I'm interested in buying a new Canon camera. I would say max price cost would be $2000. I've only had one other camera that I've been using for the past decade, Canon Powershot S5IS. As far as what I photograph, since it's only a hobby and not a profession, I mostly capture friends/family. I like to capture natural emotions in a casual environment. I am interested in doing portrait photography. I also have nieces in sports that I like to photograph as well. So to get a photo of movement and be able to get it in fine detail would be amazing. Also, like to play in macro mode. I have been teaching myself to adjust ISO, f/stops, and shutter speeds. I still have a lot to learn of course. In my brief research, I thought the Canon EOS-1D X Mark II, Canon EOS 6D, and Canon EOS 5D Mark III sounded pretty good. But really, would like an opinion on anything that may fit what I mentioned even if it's not those three. Thanks!


----------



## beagle100 (Mar 31, 2017)

heyitsme said:


> I'm interested in buying a new Canon camera. I would say max price cost would be $2000. I've only had one other camera that I've been using for the past decade, Canon Powershot S5IS. As far as what I photograph, since it's only a hobby and not a profession, I mostly capture friends/family. I like to capture natural emotions in a casual environment. I am interested in doing portrait photography. I also have nieces in sports that I like to photograph as well. So to get a photo of movement and be able to get it in fine detail would be amazing. Also, like to play in macro mode. I have been teaching myself to adjust ISO, f/stops, and shutter speeds. I still have a lot to learn of course. In my brief research, I thought the Canon EOS-1D X Mark II, Canon EOS 6D, and Canon EOS 5D Mark III sounded pretty good. But really, would like an opinion on anything that may fit what I mentioned even if it's not those three. Thanks!

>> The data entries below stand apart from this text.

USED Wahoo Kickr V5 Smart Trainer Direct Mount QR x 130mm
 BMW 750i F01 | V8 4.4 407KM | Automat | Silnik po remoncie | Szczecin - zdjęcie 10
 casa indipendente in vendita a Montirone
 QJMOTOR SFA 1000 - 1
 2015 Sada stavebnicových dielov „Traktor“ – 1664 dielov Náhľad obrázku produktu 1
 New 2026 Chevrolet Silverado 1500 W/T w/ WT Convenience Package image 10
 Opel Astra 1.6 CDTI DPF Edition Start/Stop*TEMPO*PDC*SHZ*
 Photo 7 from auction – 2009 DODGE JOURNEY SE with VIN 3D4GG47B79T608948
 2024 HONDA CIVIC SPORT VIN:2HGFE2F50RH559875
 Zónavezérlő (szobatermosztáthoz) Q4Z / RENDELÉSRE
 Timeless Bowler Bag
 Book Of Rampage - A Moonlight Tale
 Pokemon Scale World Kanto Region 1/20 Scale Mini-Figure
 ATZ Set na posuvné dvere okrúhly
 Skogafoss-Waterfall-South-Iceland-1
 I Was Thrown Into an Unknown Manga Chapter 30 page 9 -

wow, been using the Canon Powershot S5 for the last 10 years

yes, the 5D3 would be a good upgrade
or a 6D or the future 6D2 or maybe a 5D4  or a used 1DX
be sure to include the lens in your budget

heck, even the crop mirrorless cameras are a good upgrade
*www.flickr.com/photos/mmirrorless*


----------



## DGMPhotography (Mar 31, 2017)

I'd be happy to point you in the right direction if you have any interest in Nikon


----------



## heyitsme (Mar 31, 2017)

beagle100 said:


> heyitsme said:
> 
> 
> > I'm interested in buying a new Canon camera. I would say max price cost would be $2000. I've only had one other camera that I've been using for the past decade, Canon Powershot S5IS. As far as what I photograph, since it's only a hobby and not a profession, I mostly capture friends/family. I like to capture natural emotions in a casual environment. I am interested in doing portrait photography. I also have nieces in sports that I like to photograph as well. So to get a photo of movement and be able to get it in fine detail would be amazing. Also, like to play in macro mode. I have been teaching myself to adjust ISO, f/stops, and shutter speeds. I still have a lot to learn of course. In my brief research, I thought the Canon EOS-1D X Mark II, Canon EOS 6D, and Canon EOS 5D Mark III sounded pretty good. But really, would like an opinion on anything that may fit what I mentioned even if it's not those three. Thanks!
> ...



It was my first 'real' camera. Then, I sort of lost the passion for photography, mostly because I started picking up the camera less and less. I didn't have confidence in my photography. But, now I'm back! I did know that lens would be separate, but admittedly did not fit that into my budget. Thank you for your help, I'll have to check out some of the other ones you mentioned!


----------



## heyitsme (Mar 31, 2017)

DGMPhotography said:


> I'd be happy to point you in the right direction if you have any interest in Nikon



I mean, I suppose I have to keep my options open. What would you suggest with the info I provided above?


----------



## weepete (Mar 31, 2017)

Hmmmm....What kind of sports do your nieces do?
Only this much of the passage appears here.